Steve Gerstner - Analyst
Hi, guys. Two questions. The first, and I think Ramiro was answering some of this question, is there physical overlap between union plantar and regions branches and your branch network or is there no --
Ramiro Ortiz - President and COO
No, there is still - there really isn't overlap in South Florida. However, my experience is that at any time -
Steve Gerstner - Analyst
In a way it does not occur. I think you're saying -- are you saying is there overlap with us and Union Planners?
Bert Lopez - CFO
I guess any of the three parties in that. Florida is probably going to be up one area where they have to close branches.
Alfred Camner - Chairman and CEO
Regions did not have a presence in South Florida. There is significant union planters presence in our footprint, and although Regions doesn't have a footprint here, my experience is that any time a company goes through a merger, that's opportunity.
Steve Gerstner - Analyst
Sure.
Alfred Camner - Chairman and CEO
Yeah, and union planters has a significant presence in Dade, Broward and Palm Beach as well as some other areas we're expanding to, and additionally, they also have presently one of the strong presence in the Hispanic market, particularly in Dade County. And how this inter plays with having possibly an effect on that isn't clear, but I would have some belief that that's an additional opportunity for us as well.
Steve Gerstner - Analyst
Great. I'd have to agree. And second question is, if you could just maybe refresh me in terms of the duration and the cost of some of your SHLB borrowings. Don't you guys have a relatively large piece that's maybe kind of on the expensive side that's going to come due in early 2005 or what is that stand right now?
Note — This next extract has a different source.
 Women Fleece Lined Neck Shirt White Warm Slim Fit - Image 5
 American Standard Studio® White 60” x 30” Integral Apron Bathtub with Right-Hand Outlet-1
Alfred Camner - Chairman and CEO
We do have a pretty significant number. It's about $600 million, and it's at about a 6.37 rate. But while a little bit of that will come due in early 2005, most of that is actually four years or so out in the future. They do have some optionality on them, so depend on where interest rates go, it could be sooner. But that's really out a little bit longer than 2005, as I mentioned.
Ramiro Ortiz - President and COO
Yeah. And I mentioned before, we do have 200 million of 5.40's that is coming due very shortly, A few days.
Steve Gerstner - Analyst
Great. Thanks a lot, guys.
Operator
Thank you. (OPERATOR INSTRUCTIONS) If there are no further questions, I'll turn the conference back to Alfred Camner to conclude.
Alfred Camner - Chairman and CEO
We appreciate everyone being on this call and the questions you've asked. We continue to believe that we have the extraordinary opportunities afforded us in terms of further franchise development and value. The markets in some respects have begun to recognize some of that, and we hope and believe that as we continue to get the message out and continue to perform, that we will see even more recognition from the investor market of what we're accomplishing. We thank you very much. Good day.